The historian Brian Cowan describes English coffeehouses as "places where people gathered to drink coffee, learn the news of the day, and perhaps to meet with other local residents and discuss matters of mutual concern." The absence of alcohol created an atmosphere in which it was possible to engage in more serious conversation than in an alehouse. Coffeehouses also played an important role in the development of financial markets and newspapers.

Topics discussed included politics and political scandals, daily gossip, fashion, current events, and debates surrounding philosophy and the natural sciences. Historians often associate English coffeehouses, during the 17th and 18th centuries, with the intellectual and cultural history of the Age of Enlightenment: they were an alternate sphere, supplementary to the university. Political groups frequently used coffeehouses as meeting places.

The whole notion of why the royalists allowed such back to the roots discussion by the ordinary man was that he wasn't a worker, he was a town guildsman or academic or thinker and coffeehouse rules demanded civility and "enlightened" discussion other than on proscribed topics:

The topic of "sacred things" was barred from coffeehouses, and rules existed against speaking poorly of the state as well as religious scriptures.

The barring of "sacred" discussion, far from protecting the faith, actually encouraged participants to discuss anything other than that or other than anything threatening the state ... within a narrow, bowdlerised range of topics and views, discussion was fierce and heated ... the thinking giants of the time were there.

Out of it all came a godless take on the world, where monarchs were also not part of it ... in other words, the Royal Society natural science only, secular view on all things, just as the universities wanted the ordinary middle-classer to limit it to.

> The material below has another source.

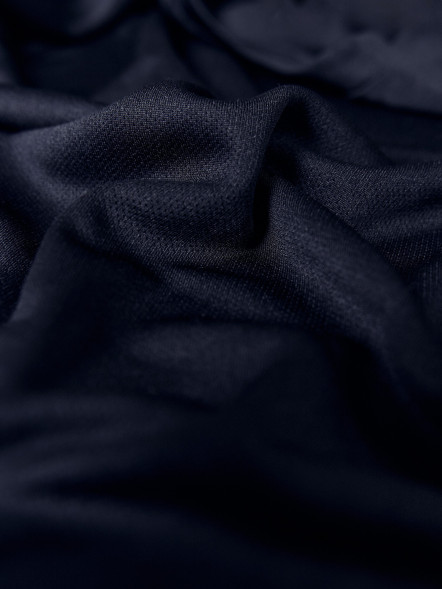Футбольная форма FN Fame Dark Blue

Coffeehouses died away in the late C18th because there was a new international game now ... French Revolution and the instalment of The Voice of Reason on the altar of Notre Dame and so today's bloodbaths began.  How many did Lenin slaughter? Stalin? Hitler?  CRT in schools after the Frankfurt School ... look at the state of parenting and rainbow Wokery school teaching today.

Once you tear down a society's natural protections, despite the abuses by those above ... then it's a Build Back Better Brave New World, all rules of engagement dashed to the ground ... marauding mobs now control the streets.  And the indtigators in their high castles and corridors are as safe as cadtles ... so they think.

1 comment:

  1. I recall that when the "new" Lloyds of London building was opened, the joke going round the City was "Lloyds, founded in a coffee shop, ended up in a coffee percolator".